Machine Learning Unet-Based Segmentation of Sentinel-1A Satellite Images

Synthetic Aperture Radar, UNet, Semantic Segmentation, Sentinel-1A, Copernicus Satellite.

Authors

July 7, 2023
July 7, 2023

Downloads

Image segmentation is an area of study which has generated a lot of interest in engineering in the last few years. Segmentation of Sentinel 1A satellite images is an area that is not as common as that of its optical counterparts as a result of the appearance of its images. The focus of this paper is the segmentation of Sentinel-1A Synthetic Aperture Radar (SAR) satellite images using UNet, a Deep learning technique designed specifically for semantic segmentation of images.
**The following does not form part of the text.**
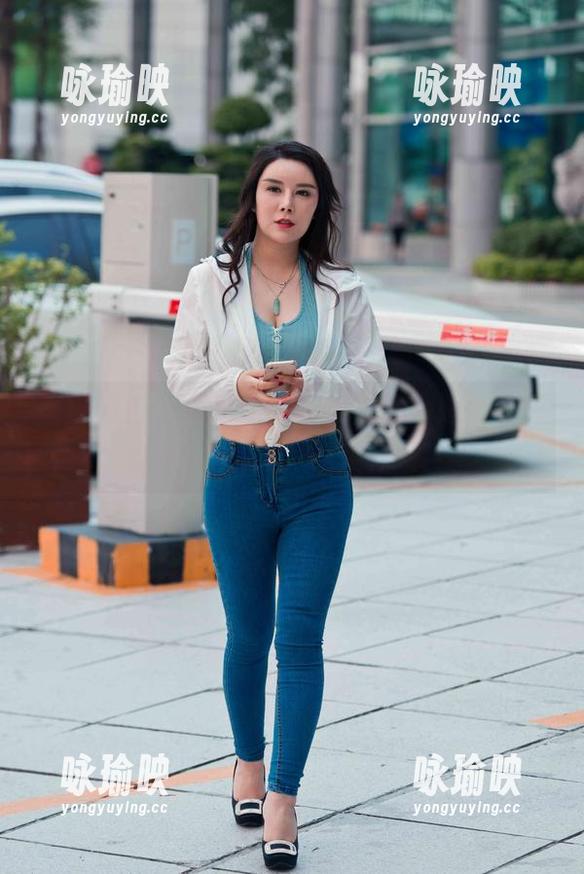 魔镜街拍-婷婷 魔镜街拍 - 寒风中的温柔力量,婷婷的肉丝美人图片合集劈啪炸裂!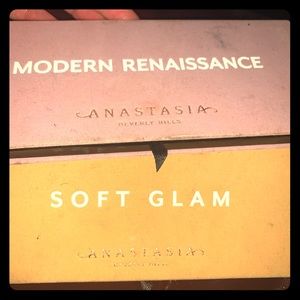 Anastasia 2 pallet collection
The model was developed with Python programming language in keras, which is a deep learning Python API running on the Tensorflow framework. The satellite images were acquired from the European Space Agency’s (ESA) Copernicus satellite acquisition hub. The performance evaluation was carried out with Jaccard Index or Intesection over Union (IoU) and Accuracy metrics. The IoU metric measures the number of pixels common between the target and prediction masks divided by the total number of pixels present across both masks while the Accuracy metric reports the percent of pixels in the image which were correctly classified. The results recorded in the evaluation had IoU as 0.42 and an Accuracy of 95%. This show a high performance of the model in segmenting images.